— The problem —
Every entry is to be transcribed as it stands. Images stay out.

— Data extract —
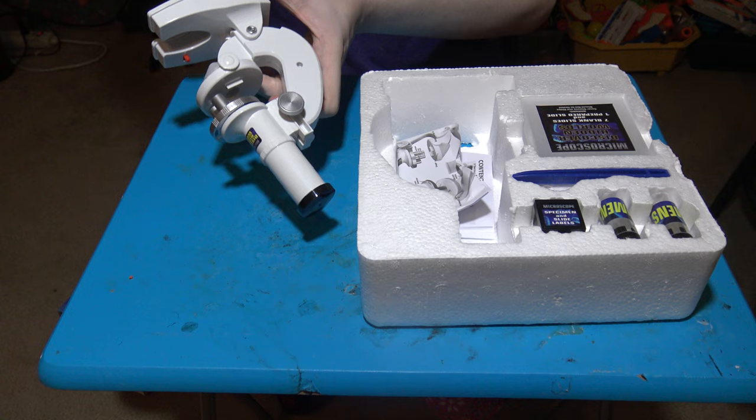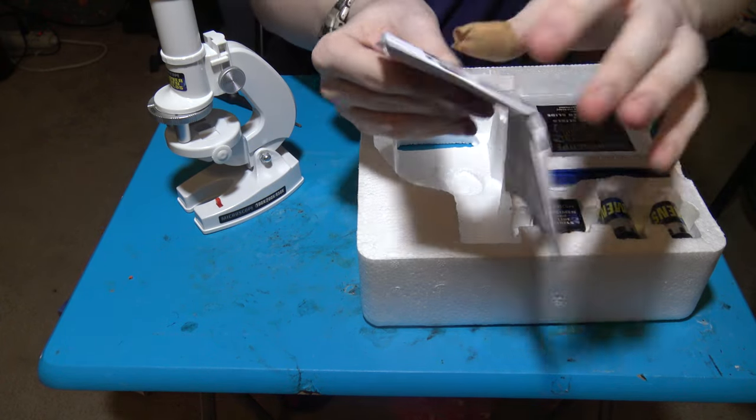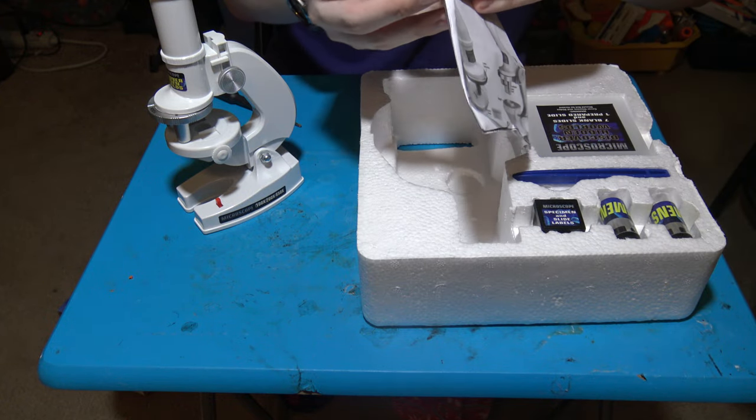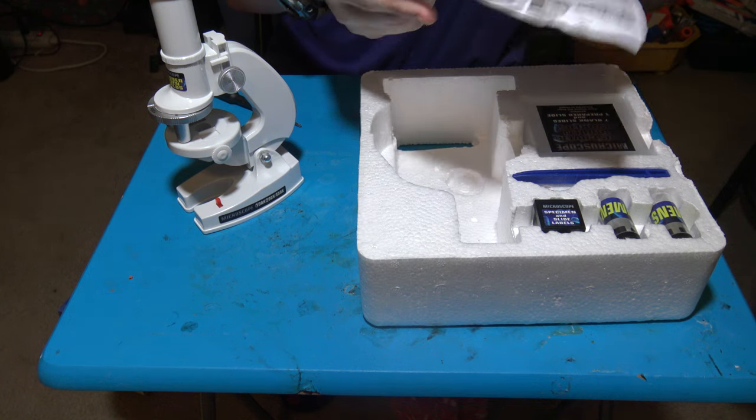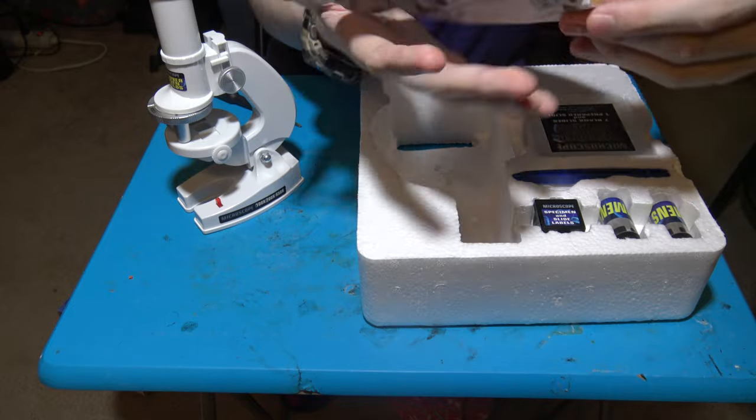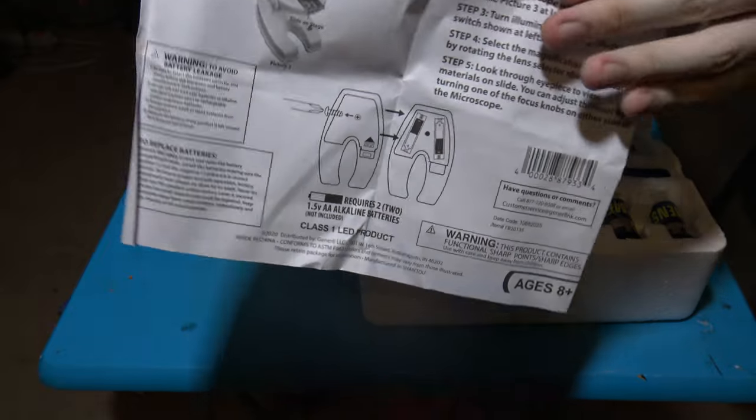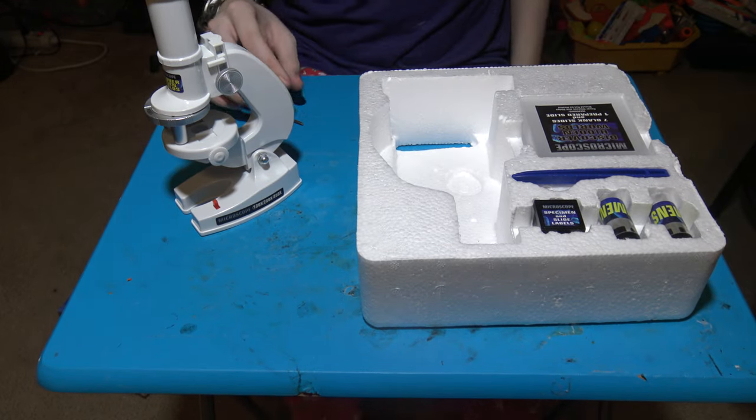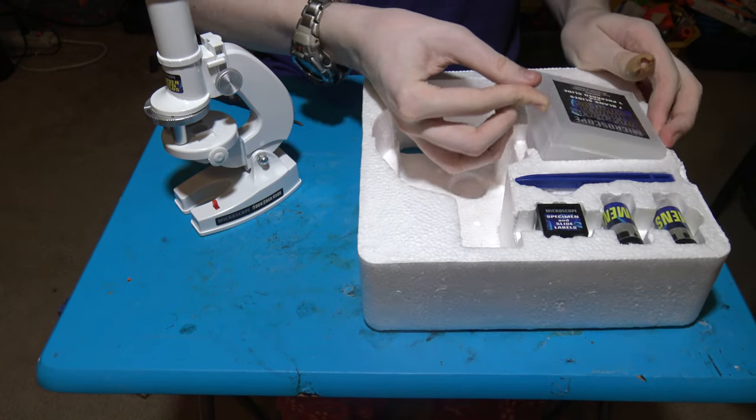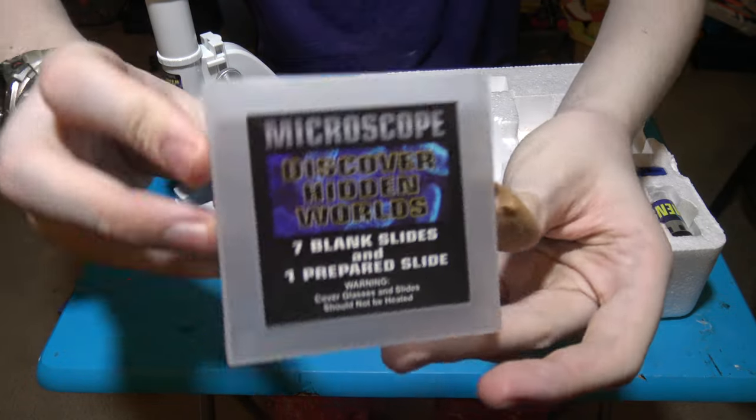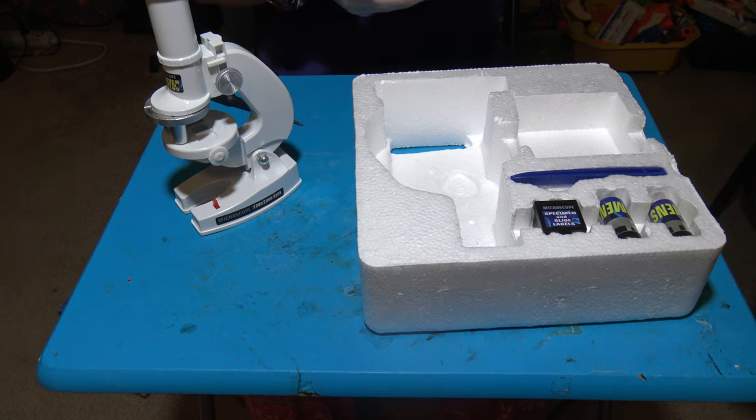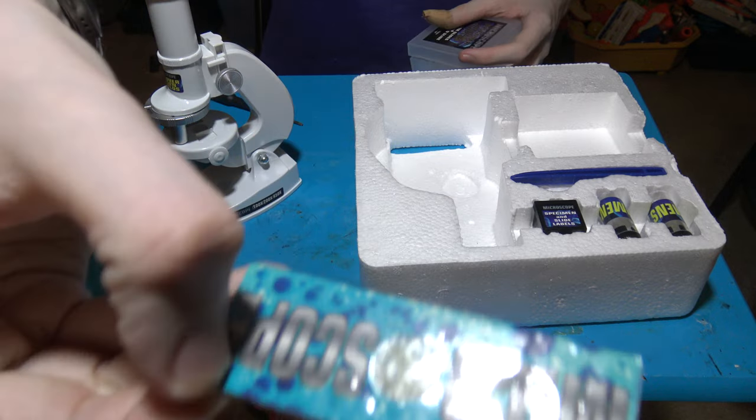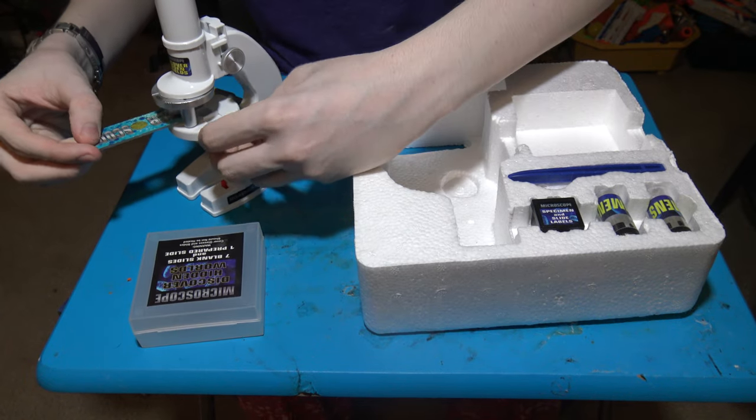Okay, got that in now. Time to see what it comes with. It comes with instructions, which I will leave in the box for the viewer that I'm going to send this to. There's the instructions for it. It says seven blank slides and one prepared slide. Here's the one prepared slide. I have no idea what it is. So, let's put it under the microscope.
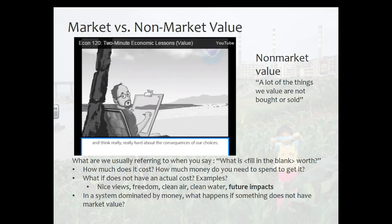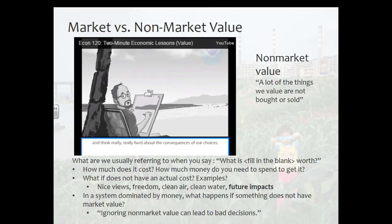In a system that's dominated by money — and hopefully you all recognize we spend time thinking about money, how we're going to get it, how we're spending it, how much we have — the economy is always a big topic. So if the system is dominated by money, what happens if something does not have a market value, if it doesn't have a price? This is really important to think about in terms of sustainability, because if something is not bought or sold, it's effectively invisible to our society and our market. And as he says, ignoring non-market value can lead to bad decisions. We'll talk about something called social cost and market failure in future lessons.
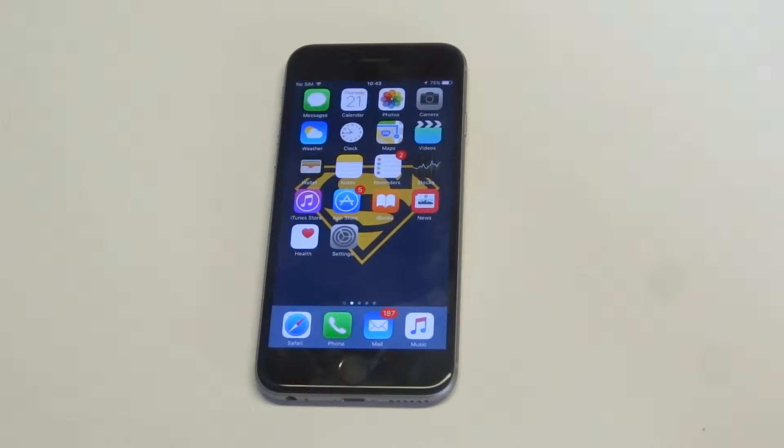What's up you guys? Eddie at FlipTronic. I'm going to give you guys a quick tip on how to turn off Siri on your iPhone 6.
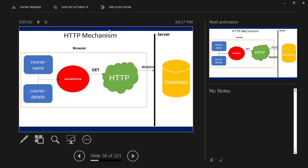The server receives the request, processes it, and fetches the relevant data from the database, then sends it back to us as a response. The response comes from the server — not directly to the components like course name or course details — but first to the service. The service catches the response from the server. So the flow is: service sends a GET request, server processes it, and returns a response back to the service.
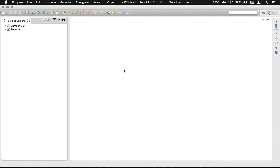Hello everyone, Gladioman here. Today we're going to be working on another project. This time it's going to be on ultrasonic sensor usage, and we're going to use that to maintain a specific distance away from another object that it sees.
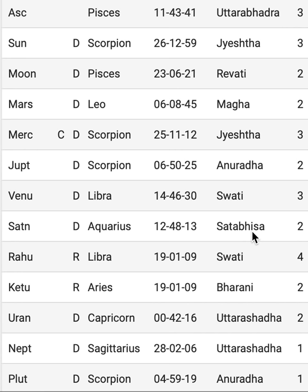So this person had been a spy for a particular country and did very well. The job of a spy is to take down authorities and governments — by leaking hidden information. Therefore, Jyestha nakshatra for the Sun and Mercury, and Saturn in Shatabhisha, are playing their roles very beautifully here.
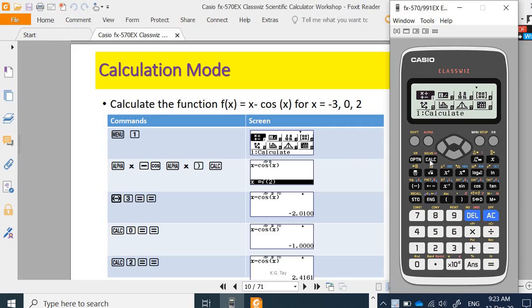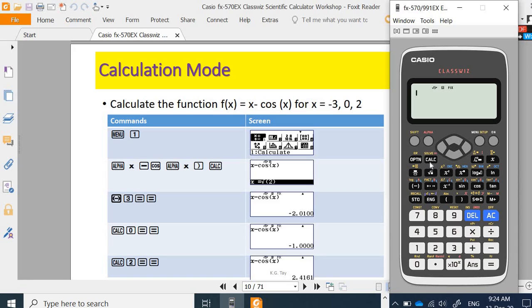First of all, press 1 to go into the Calculate menu. Then I am going to show the function of the Calculate button. It is actually for you to calculate the function value, which is a bit iterative but not in sequence. For example, you want to calculate the function Fx which is x minus cos x for x equal to negative 3, 0, 2.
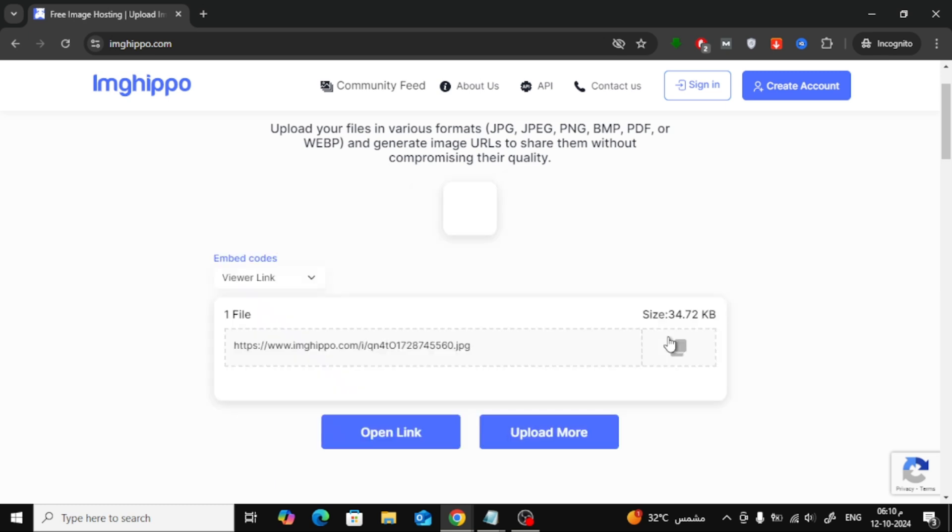And just like that, the link for your image has been successfully created. You can now copy this link and send it to anyone you want.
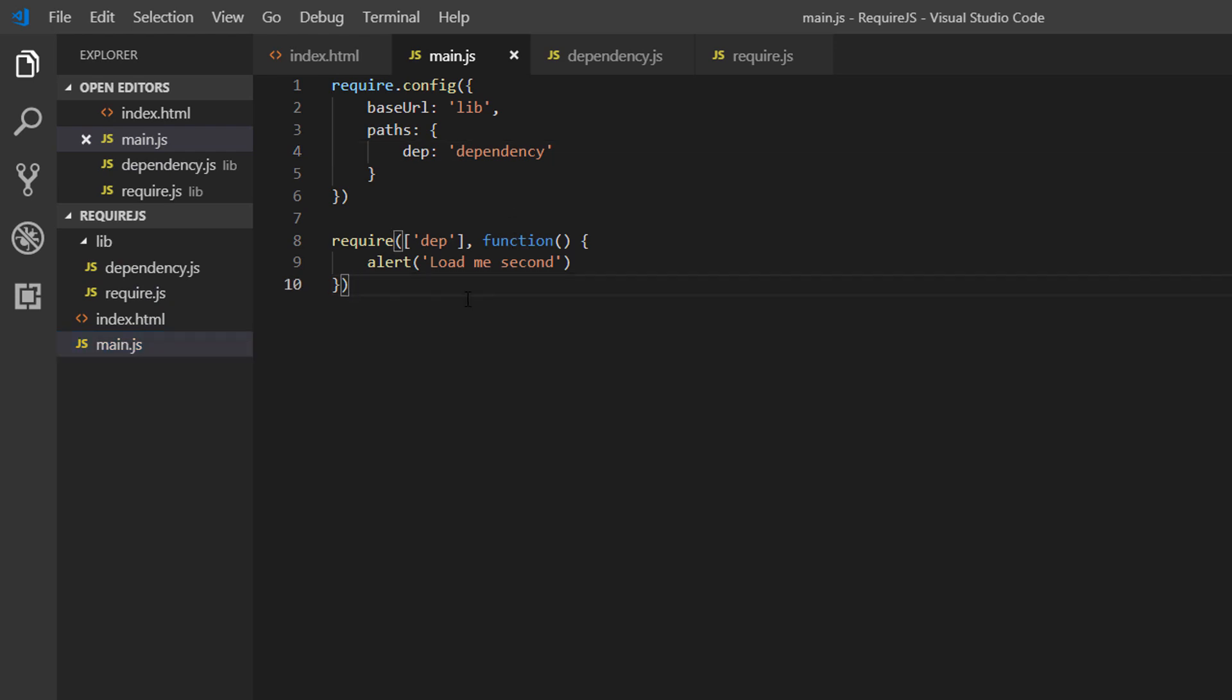Also note what we can do - we can actually pass parameters in this function call. For example, if you're loading an object, you can define a parameter to then use that object in this function. We will go into that in a later lesson, but it's worth noting.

— Answer below —
Okay, got that in now. Time to see what it comes with. It comes with instructions, which I will leave in the box for the viewer that I'm going to send this to. There's the instructions for it. It says seven blank slides and one prepared slide. Here's the one prepared slide. I have no idea what it is. So, let's put it under the microscope.
In a system that's dominated by money — and hopefully you all recognize we spend time thinking about money, how we're going to get it, how we're spending it, how much we have — the economy is always a big topic. So if the system is dominated by money, what happens if something does not have a market value, if it doesn't have a price? This is really important to think about in terms of sustainability, because if something is not bought or sold, it's effectively invisible to our society and our market. And as he says, ignoring non-market value can lead to bad decisions. We'll talk about something called social cost and market failure in future lessons.
What's up you guys? Eddie at FlipTronic. I'm going to give you guys a quick tip on how to turn off Siri on your iPhone 6.
The server receives the request, processes it, and fetches the relevant data from the database, then sends it back to us as a response. The response comes from the server — not directly to the components like course name or course details — but first to the service. The service catches the response from the server. So the flow is: service sends a GET request, server processes it, and returns a response back to the service.
Hello everyone, Gladioman here. Today we're going to be working on another project. This time it's going to be on ultrasonic sensor usage, and we're going to use that to maintain a specific distance away from another object that it sees.
So this person had been a spy for a particular country and did very well. The job of a spy is to take down authorities and governments — by leaking hidden information. Therefore, Jyestha nakshatra for the Sun and Mercury, and Saturn in Shatabhisha, are playing their roles very beautifully here.
First of all, press 1 to go into the Calculate menu. Then I am going to show the function of the Calculate button. It is actually for you to calculate the function value, which is a bit iterative but not in sequence. For example, you want to calculate the function Fx which is x minus cos x for x equal to negative 3, 0, 2.
And just like that, the link for your image has been successfully created. You can now copy this link and send it to anyone you want.
Also note what we can do - we can actually pass parameters in this function call. For example, if you're loading an object, you can define a parameter to then use that object in this function. We will go into that in a later lesson, but it's worth noting.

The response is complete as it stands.